La lumière ne parvient plus jusqu’au cinéma d’Arturo Ripstein. Très exactement, elle ne semble plus autorisée à franchir le seuil d’un art de plus en plus asthmatique, irrespirable, concentré sur le désastre. De vieillesses en accablements, la liste est longue des naufrages qui donnent à son nouveau film le goût d’une épreuve en enfer. Il y a plus que jamais chez lui une volonté autodestructrice de nous prendre par la main pour ne plus faire qu’un avec le personnage, lequel étant (comme toujours) dans le ventre du puits. Oeil pour oeil, souffrance pour souffrance, la distance qui nous sépare de l’écran est renvoyée aux orties, la peine encourue par les personnages doit trouver en nous son équivalence.
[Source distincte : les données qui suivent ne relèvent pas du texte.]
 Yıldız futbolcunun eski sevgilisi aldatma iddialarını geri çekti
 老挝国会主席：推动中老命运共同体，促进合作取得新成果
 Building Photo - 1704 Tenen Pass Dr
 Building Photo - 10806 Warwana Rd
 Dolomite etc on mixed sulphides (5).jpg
Ainsi va ce noeud de honte et de dégradation lente, il sert à nous renvoyer au sentiment de merde qui nous habite. Ripstein fait plus que jamais du Ripstein. Ce qui fait que ce film tape longtemps sur nos nerfs avant de vaincre notre résistance, de gagner notre adhésion. Car du Ripstein, personne ne le fait encore mieux que lui.
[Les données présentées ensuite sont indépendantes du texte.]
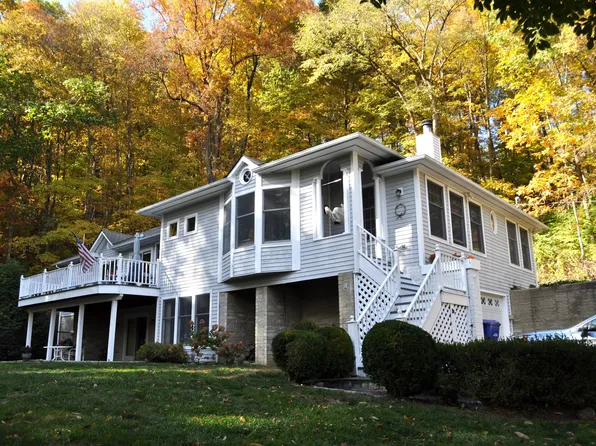 9 Bigelow Road, New Fairfield, CT 06812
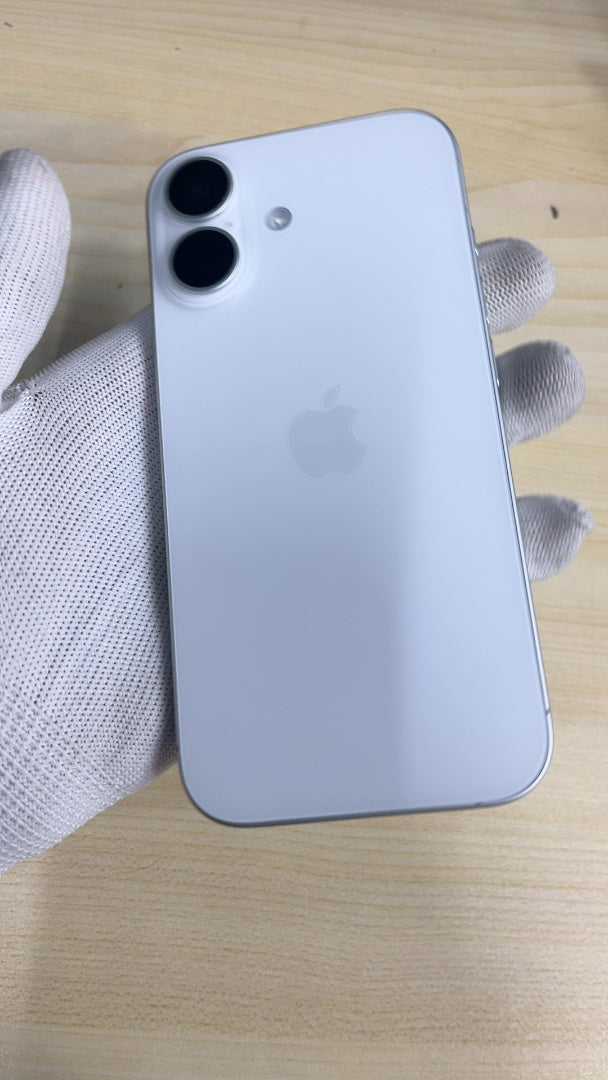 iPhone 17 (White, Pre-loved)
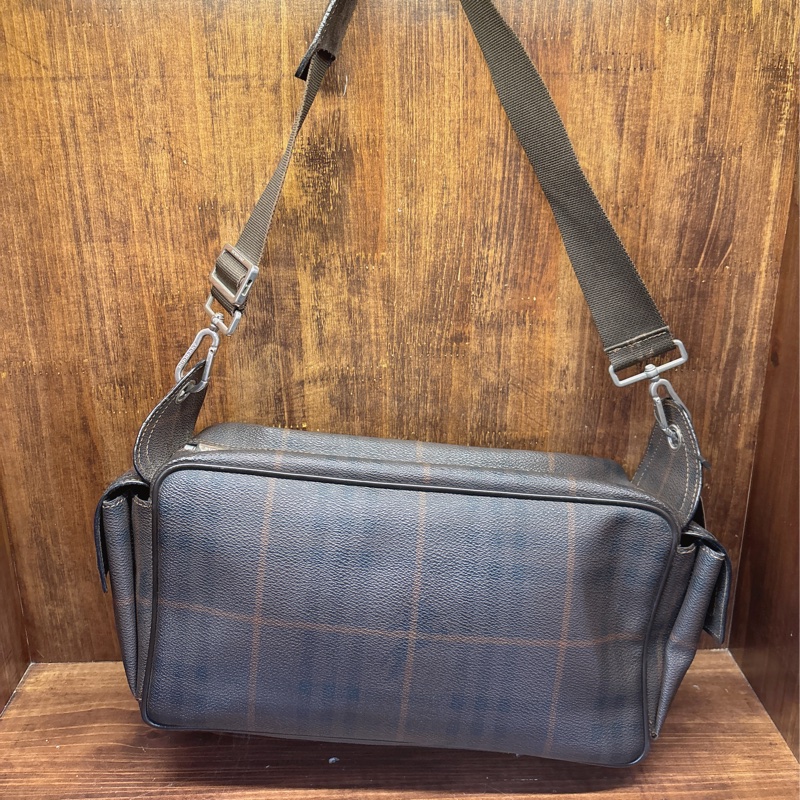 Burberry 格紋斜背包-1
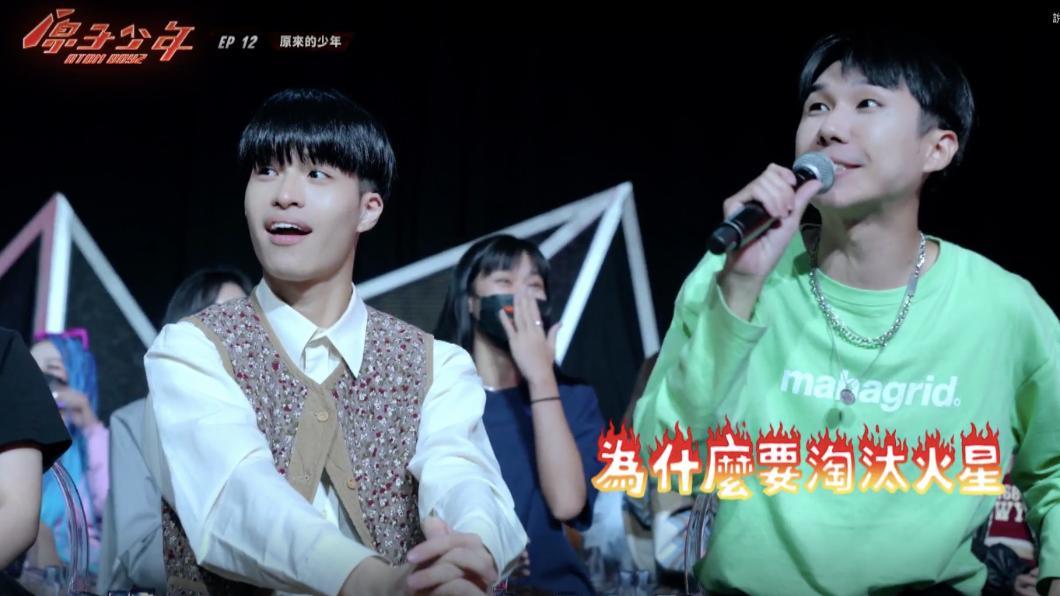 隕石導師葉益豪(右)不捨火星無緣總決賽。(圖/翻攝自《原子少年》節目片段)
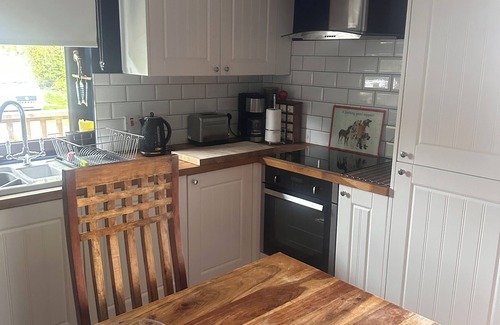 Kilmun Ski Chalet | Discover Dolphin Run: Pet-Friendly Lodge with Top Amenities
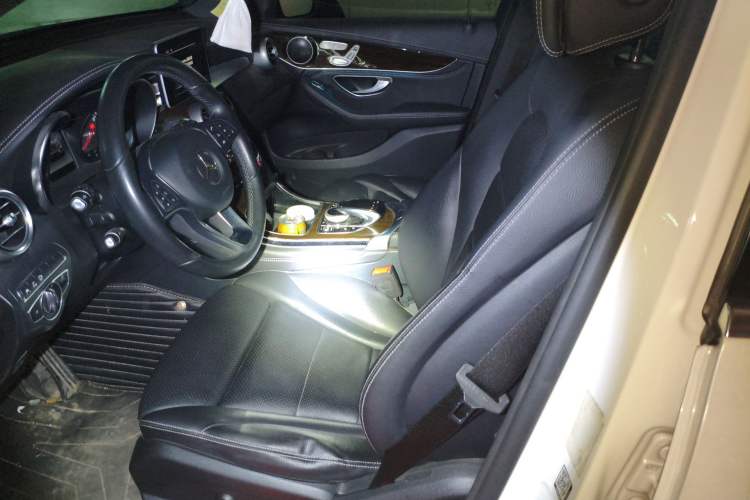 Used Mercedes-Benz GLC 2019 GLC 260 4MATIC Luxury Model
Certes, il y a vraiment ces passages où le spectateur, comme excédé, se rend bien compte que Ripstein déplace sa caméra pour insister sur le fait que décidément il n’y a plus rien à filmer. Ou si peu qu’il s’en retourne à ses obsessions comme dernier relevé des déchéances : rien, effectivement, ne manque dans cet établi de l’univers du Mexicain malade, du coq de L’Empire de la fortune aux séances de cinéma licencieuses de Divine (son précédent film encore inédit, un péplum sadomaso) en passant par tout un folklore de malédictions, croyances et grigris, et une pincée de prostitution, de filles dépeintes depuis la hanse du décolleté (moments qui en font un cinéma entretenu). Filmer García Márquez ne l’a pas changé pour un pesos. Ripstein a fatigué son film jusqu’à le mettre en suspension. Et pourtant… le sens surgit progressivement par accumulation. On aura fait avec lui, avec eux, ce chemin de croix, de déplaisir, pour arriver à ce sentiment d’immatérialité totale où plus rien ne mérite d’être possédé. Immatérialité qui, loin d’alléger le plan, infuse au moindre geste un poids, une gravité ultime. Alors, le Ripstein ? Immatériel et lourd comme la pauvreté, à laquelle ce film ressemble à force de vouloir lui coller à la poisse. Même si un conformisme du triste le guette, nous pouvons encore sauver Ripstein pour ce cinéma qui va voir dans le désastre s’il peut se frayer une place. Pour le meilleur et pour le pire.